09 DE MAIO – FESTA DE SANTA LUÍSA DE MARILLAC, “PADROEIRA DAS OBRAS SOCIAIS CRISTÃS”
SANTA
LUÍSA DE MARILLAC (1591-1660)
Nascimento
e infância
Luísa
de Marillac nasceu em Paris, em 12 de agosto de 1591. Sua origem
familiar está envolta em controvérsias, especialmente em relação
à identidade de sua mãe que, ainda hoje, permanece desconhecida. Em
relação à família paterna, seus biógrafos a apresentam como
filha de Luis de Marillac, pertencente à nobreza francesa. Sua
descendência nobre, contudo, não foi para ela sinônimo de regalias
e facilidades, pois nunca foi, de fato, reconhecida pelos seus. A
preocupação em zelar pela boa fama de sua condição social, fez
com a família paterna a assumisse como o que J. Calvet, um de seus
biógrafos, afirmou: “[...] uma jovem, que
não rejeitava, mas que não devia figurar na árvore genealógica. A
família defendia-se”1.
Tal
como o nascimento, sua infância é marcada por desencontros e
privações, especialmente da presença e do afeto familiar. Ainda
nos primeiros anos, Luísa é colocada no Convento das Dominicanas de
Poissy, onde residia sua tia-avó. Ali recebeu uma esmerada educação
sob vários aspectos – humano, intelectual, espiritual, artístico
– e que lhe foi de grande valia em sua missão futura junto às
Irmãs e aos pobres.
Aos
13 anos é retirada de Poissy pela família, passando a morar no
pensionato de uma modesta senhora que acolhia várias jovens de sua
idade. Alguns de seus estudiosos especulam, inclusive, que essa
senhora seria a mãe biológica de Luísa. Neste lugar aprendeu os
diversos ofícios relativos ao cuidado do lar, tidos pela sociedade
da época como atribuições específicas das mulheres.
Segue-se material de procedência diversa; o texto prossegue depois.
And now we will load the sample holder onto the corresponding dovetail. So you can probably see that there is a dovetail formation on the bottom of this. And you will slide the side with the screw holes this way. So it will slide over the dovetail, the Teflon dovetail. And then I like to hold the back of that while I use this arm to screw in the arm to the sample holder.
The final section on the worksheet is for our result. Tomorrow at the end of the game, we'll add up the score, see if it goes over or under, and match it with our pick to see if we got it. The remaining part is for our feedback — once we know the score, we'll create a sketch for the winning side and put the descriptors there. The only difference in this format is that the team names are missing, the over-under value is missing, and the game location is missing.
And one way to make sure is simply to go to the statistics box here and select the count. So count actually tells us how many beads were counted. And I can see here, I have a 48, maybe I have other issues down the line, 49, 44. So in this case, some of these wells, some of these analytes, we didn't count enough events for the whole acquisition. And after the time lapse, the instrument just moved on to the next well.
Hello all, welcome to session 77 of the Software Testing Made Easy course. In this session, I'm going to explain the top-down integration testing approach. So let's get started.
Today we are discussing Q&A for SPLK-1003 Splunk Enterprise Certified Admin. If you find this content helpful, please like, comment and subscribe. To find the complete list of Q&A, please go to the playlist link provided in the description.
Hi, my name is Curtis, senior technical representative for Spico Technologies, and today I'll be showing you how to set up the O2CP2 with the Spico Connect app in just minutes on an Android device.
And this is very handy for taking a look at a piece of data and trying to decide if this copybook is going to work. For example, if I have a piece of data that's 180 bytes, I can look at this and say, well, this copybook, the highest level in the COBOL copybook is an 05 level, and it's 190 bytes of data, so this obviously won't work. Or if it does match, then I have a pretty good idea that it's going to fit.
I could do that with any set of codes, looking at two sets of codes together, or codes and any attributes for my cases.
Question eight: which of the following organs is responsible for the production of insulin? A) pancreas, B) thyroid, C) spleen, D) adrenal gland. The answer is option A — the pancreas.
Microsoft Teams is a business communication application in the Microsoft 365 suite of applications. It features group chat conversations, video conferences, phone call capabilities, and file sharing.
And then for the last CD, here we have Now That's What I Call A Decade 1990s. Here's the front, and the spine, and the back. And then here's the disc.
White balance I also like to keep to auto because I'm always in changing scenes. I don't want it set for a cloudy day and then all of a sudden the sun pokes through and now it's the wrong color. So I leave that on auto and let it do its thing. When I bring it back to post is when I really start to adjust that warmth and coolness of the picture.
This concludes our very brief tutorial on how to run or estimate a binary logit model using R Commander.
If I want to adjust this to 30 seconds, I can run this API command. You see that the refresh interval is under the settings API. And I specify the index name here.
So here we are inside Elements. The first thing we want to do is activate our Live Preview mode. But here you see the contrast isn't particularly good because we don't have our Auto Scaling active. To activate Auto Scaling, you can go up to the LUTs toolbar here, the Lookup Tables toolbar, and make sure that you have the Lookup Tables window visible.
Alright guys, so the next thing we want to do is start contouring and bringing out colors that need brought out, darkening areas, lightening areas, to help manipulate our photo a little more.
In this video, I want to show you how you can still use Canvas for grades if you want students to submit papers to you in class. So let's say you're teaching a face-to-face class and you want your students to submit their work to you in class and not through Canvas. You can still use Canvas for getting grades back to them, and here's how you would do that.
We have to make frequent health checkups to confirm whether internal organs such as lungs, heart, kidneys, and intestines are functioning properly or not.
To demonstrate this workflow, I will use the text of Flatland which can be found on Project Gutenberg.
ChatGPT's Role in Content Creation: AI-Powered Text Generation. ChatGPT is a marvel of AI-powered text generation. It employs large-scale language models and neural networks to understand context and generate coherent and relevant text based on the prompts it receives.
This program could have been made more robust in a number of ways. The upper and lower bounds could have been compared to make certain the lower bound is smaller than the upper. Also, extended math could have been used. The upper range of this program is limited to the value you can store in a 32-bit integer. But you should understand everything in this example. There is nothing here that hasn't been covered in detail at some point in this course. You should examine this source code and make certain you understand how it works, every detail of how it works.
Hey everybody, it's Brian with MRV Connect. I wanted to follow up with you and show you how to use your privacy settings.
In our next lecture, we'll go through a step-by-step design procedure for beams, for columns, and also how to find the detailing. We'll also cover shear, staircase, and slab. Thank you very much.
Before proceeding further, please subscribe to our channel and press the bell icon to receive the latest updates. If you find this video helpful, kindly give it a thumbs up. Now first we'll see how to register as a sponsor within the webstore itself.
O aprendizado
que recebe é respondido pelo auxílio que presta na melhoria das
finanças daquela casa, contribuição que pode dar através de seus
dotes artísticos empregados na confecção e venda de artesanatos, e
seu espírito de organização. Ali residiu até 1613.
As
buscas da juventude
Em
geral, seus biógrafos a descrevem como uma mulher de constituição
física pequena e frágil, frequentemente acometida de enfermidades.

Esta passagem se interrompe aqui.